:: TASK TO CARRY OUT ::
Everything from the line with "a view of a entryway" to the line with "An empty room with beige" in the listing below, both lines included, needs to be copied exactly, apart from the pictures.

:: MATERIALS PROVIDED ::
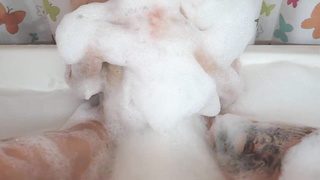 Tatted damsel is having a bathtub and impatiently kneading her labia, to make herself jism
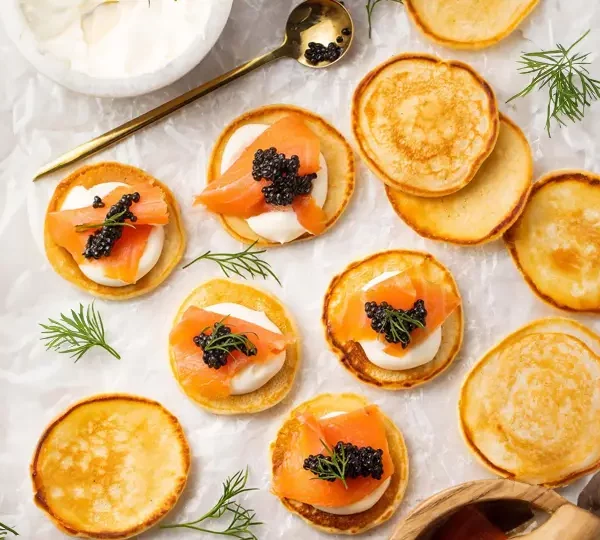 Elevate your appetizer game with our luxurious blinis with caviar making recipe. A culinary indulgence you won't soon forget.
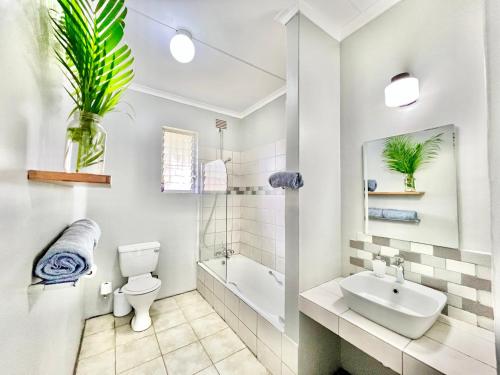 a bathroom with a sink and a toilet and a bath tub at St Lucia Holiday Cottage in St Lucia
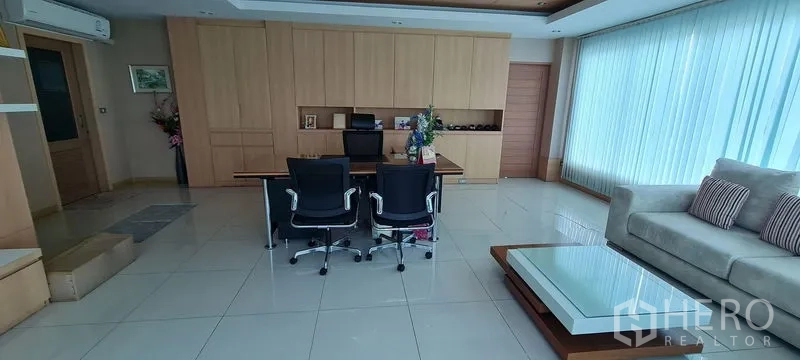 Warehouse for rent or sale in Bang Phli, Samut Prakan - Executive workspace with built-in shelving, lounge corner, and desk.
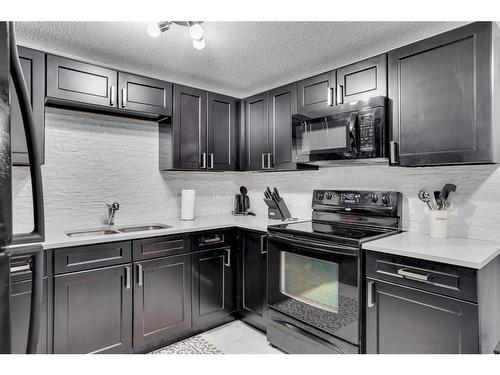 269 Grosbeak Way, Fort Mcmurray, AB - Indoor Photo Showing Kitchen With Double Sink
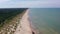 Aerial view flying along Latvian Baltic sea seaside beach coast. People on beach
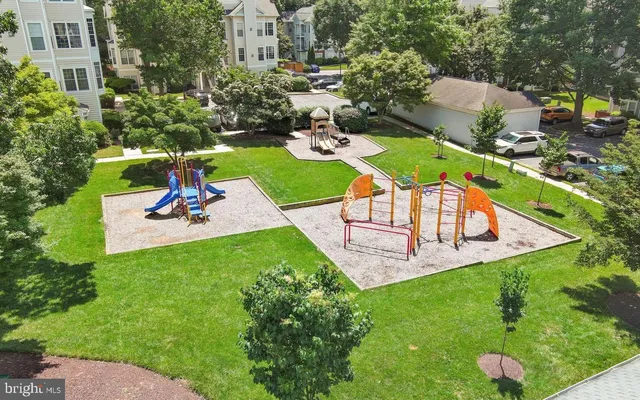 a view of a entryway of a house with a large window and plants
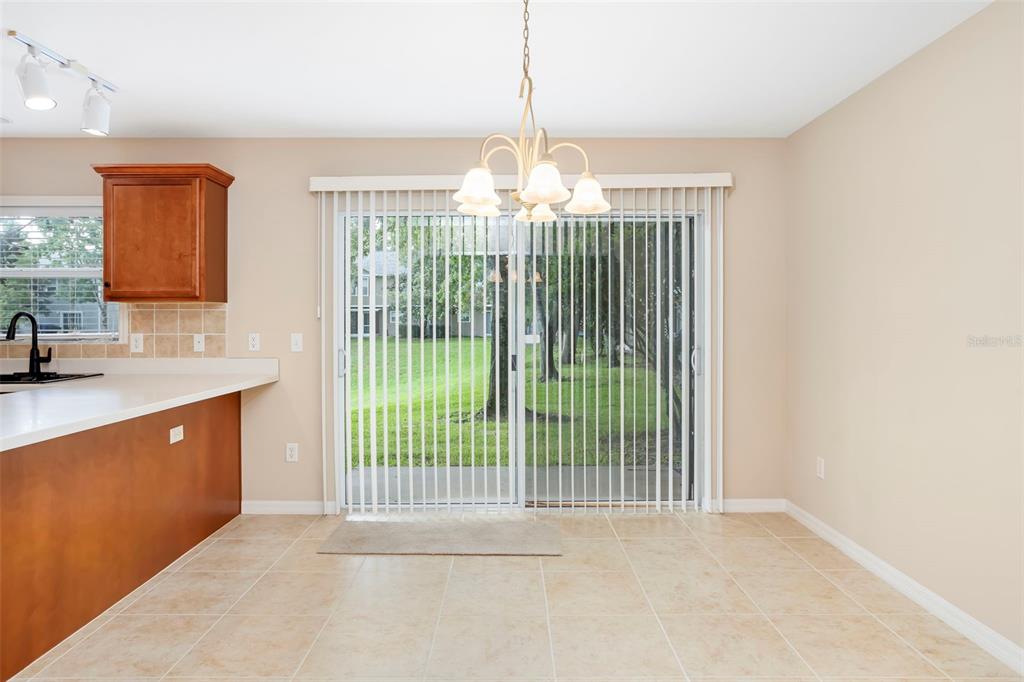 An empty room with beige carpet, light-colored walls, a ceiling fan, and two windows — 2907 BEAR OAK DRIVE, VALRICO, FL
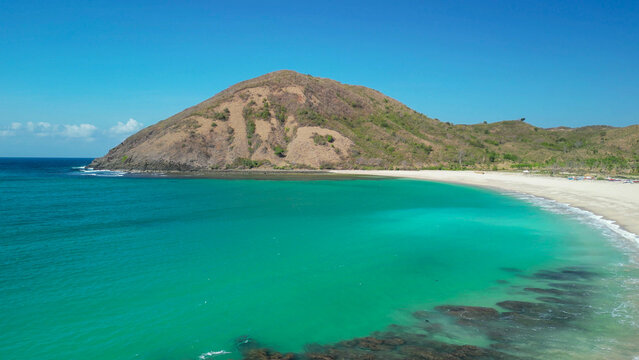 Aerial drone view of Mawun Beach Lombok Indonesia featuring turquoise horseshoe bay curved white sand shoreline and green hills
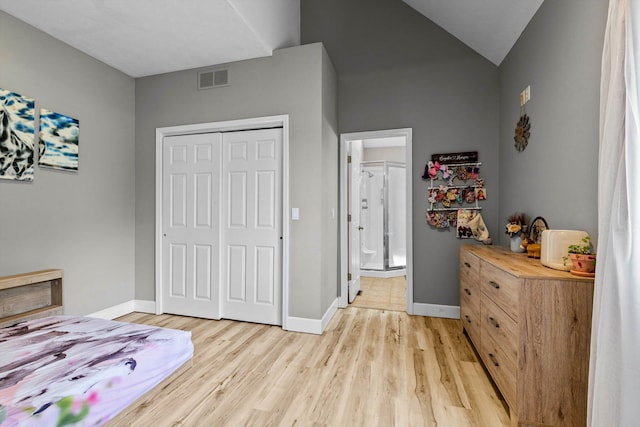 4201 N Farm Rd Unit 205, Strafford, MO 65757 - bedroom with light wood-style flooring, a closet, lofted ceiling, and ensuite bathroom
* * *
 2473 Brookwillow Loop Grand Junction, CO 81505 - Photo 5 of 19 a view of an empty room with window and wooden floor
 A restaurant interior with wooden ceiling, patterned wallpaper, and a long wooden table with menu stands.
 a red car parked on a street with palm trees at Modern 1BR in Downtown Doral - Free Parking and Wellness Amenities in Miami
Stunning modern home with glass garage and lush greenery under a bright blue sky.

:: REPLY TO THE EXERCISE ::
 a view of a entryway of a house with a large window and plants
 An empty room with beige carpet, light-colored walls, a ceiling fan, and two windows — 2907 BEAR OAK DRIVE, VALRICO, FL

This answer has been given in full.